(Image-text web data)
★ ★ ★

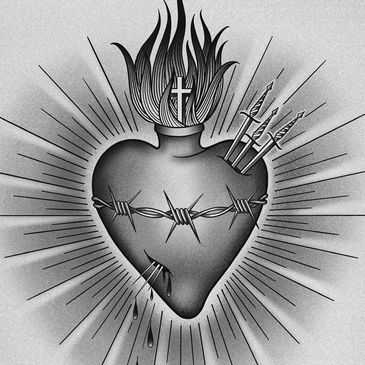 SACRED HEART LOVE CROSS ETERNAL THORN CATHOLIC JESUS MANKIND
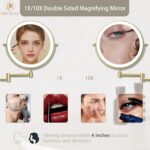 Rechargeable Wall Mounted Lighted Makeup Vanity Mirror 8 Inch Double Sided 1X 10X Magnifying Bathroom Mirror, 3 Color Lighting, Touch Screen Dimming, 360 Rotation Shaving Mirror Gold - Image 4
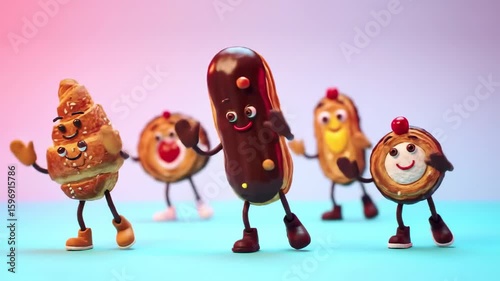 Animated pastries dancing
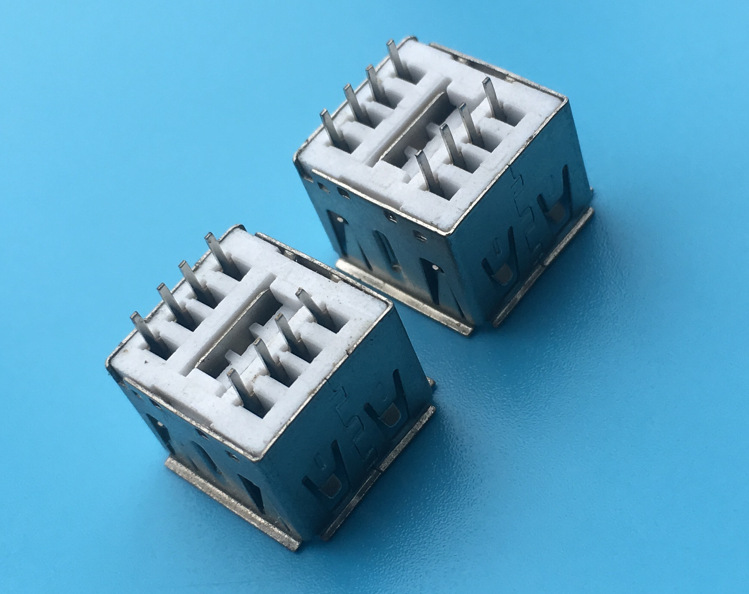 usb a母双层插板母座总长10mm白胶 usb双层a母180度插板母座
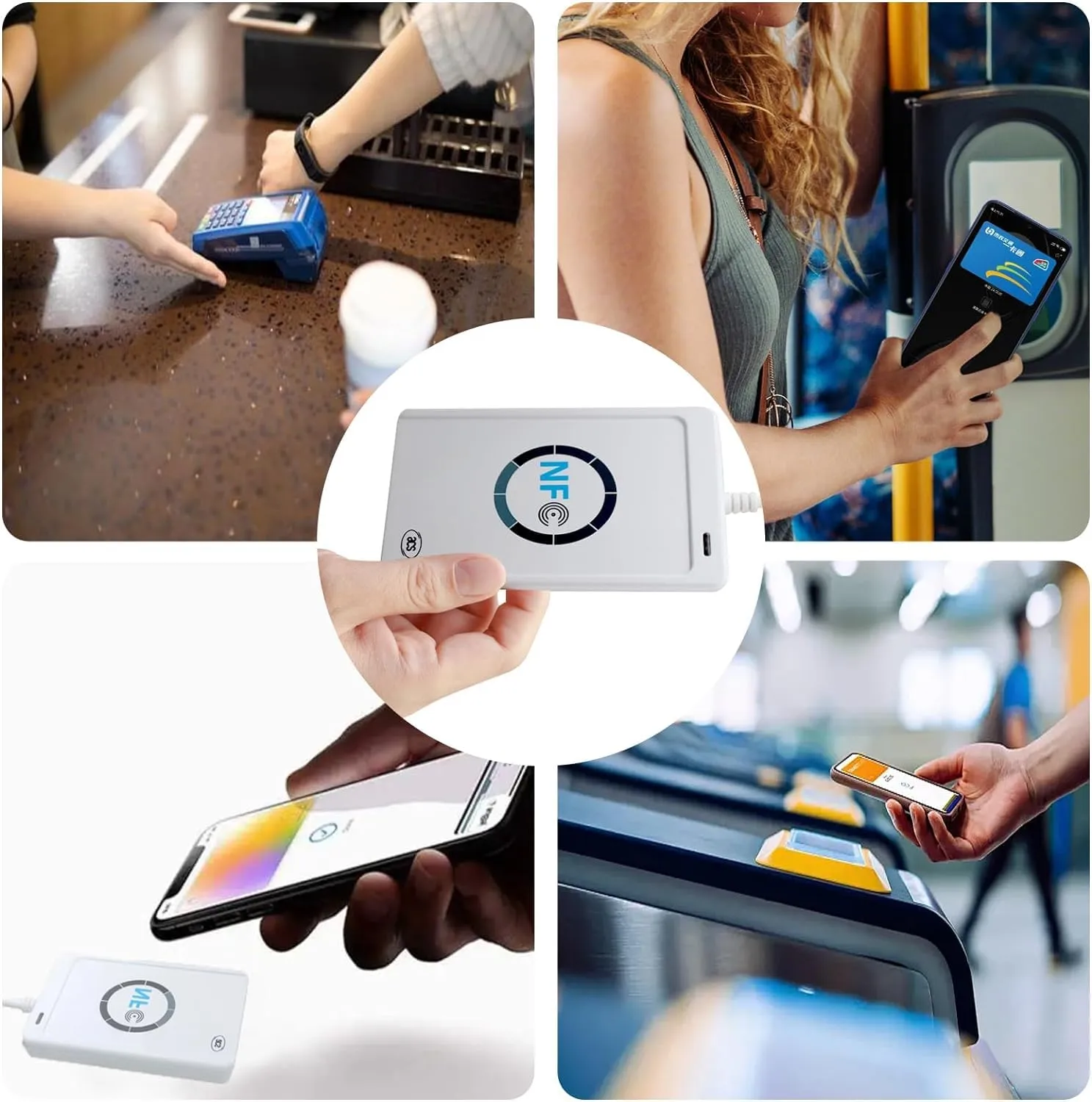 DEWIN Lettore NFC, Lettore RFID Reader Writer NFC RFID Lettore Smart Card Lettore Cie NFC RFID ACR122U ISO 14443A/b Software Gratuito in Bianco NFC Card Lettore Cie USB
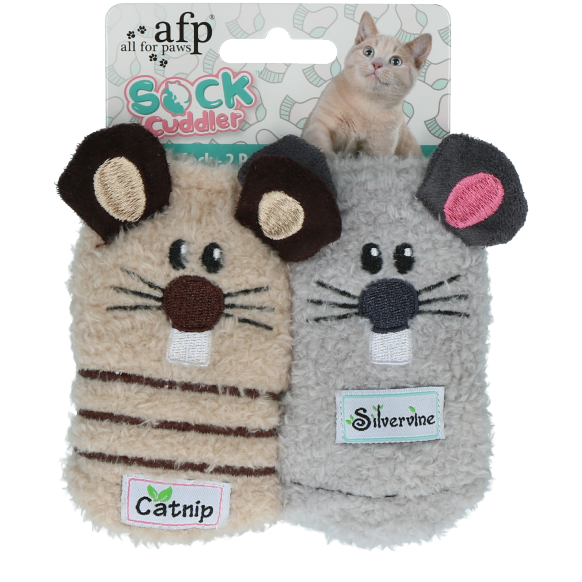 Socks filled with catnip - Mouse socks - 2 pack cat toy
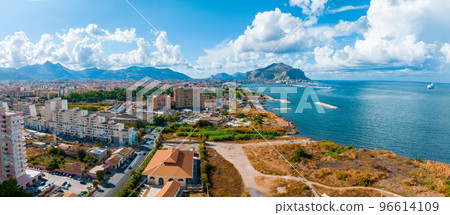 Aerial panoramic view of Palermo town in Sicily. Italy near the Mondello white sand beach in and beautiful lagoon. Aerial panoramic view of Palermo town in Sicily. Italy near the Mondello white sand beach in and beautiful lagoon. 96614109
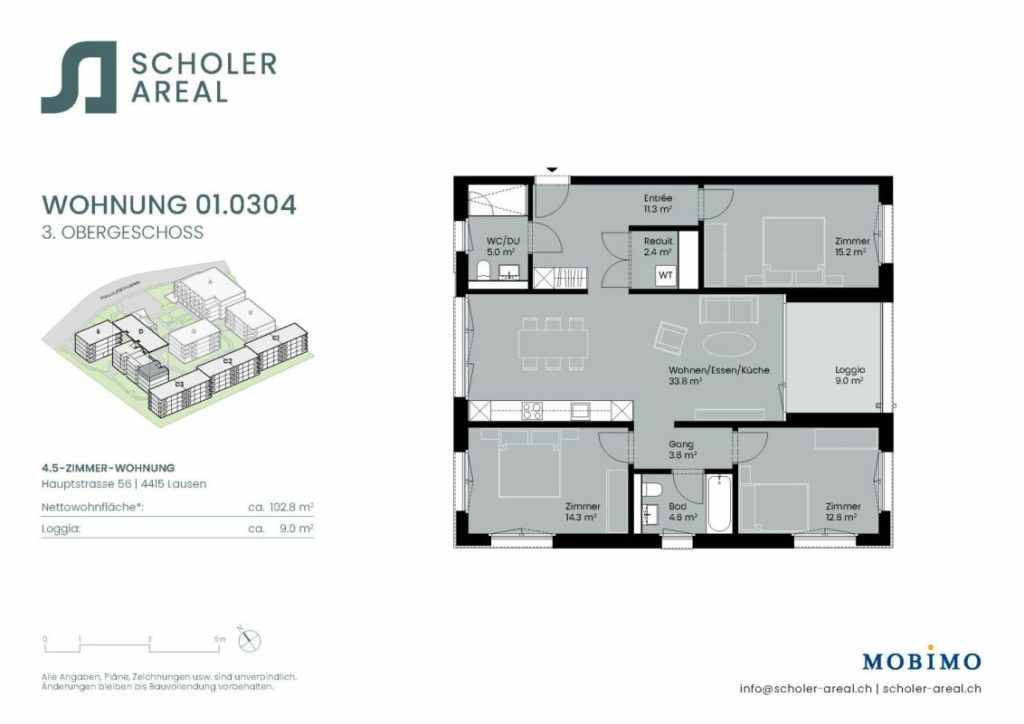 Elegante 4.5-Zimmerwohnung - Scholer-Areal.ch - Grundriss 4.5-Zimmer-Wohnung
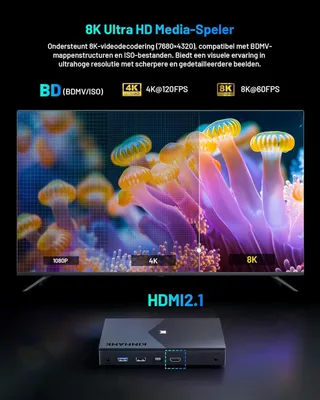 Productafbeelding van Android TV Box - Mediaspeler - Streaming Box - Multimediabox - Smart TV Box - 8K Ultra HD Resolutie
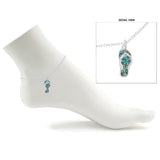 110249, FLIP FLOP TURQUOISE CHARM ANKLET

★ ★ ★

Goal of the exercise:
Beginning with the first line of the records and ending with the line that contains "usb a母双层插板母座总长10mm白胶 usb双层a母180度插板母座", reproduce every line exactly, omitting pictures and adding nothing.

Completed exercise:
 SACRED HEART LOVE CROSS ETERNAL THORN CATHOLIC JESUS MANKIND
 Rechargeable Wall Mounted Lighted Makeup Vanity Mirror 8 Inch Double Sided 1X 10X Magnifying Bathroom Mirror, 3 Color Lighting, Touch Screen Dimming, 360 Rotation Shaving Mirror Gold - Image 4
 Animated pastries dancing
 usb a母双层插板母座总长10mm白胶 usb双层a母180度插板母座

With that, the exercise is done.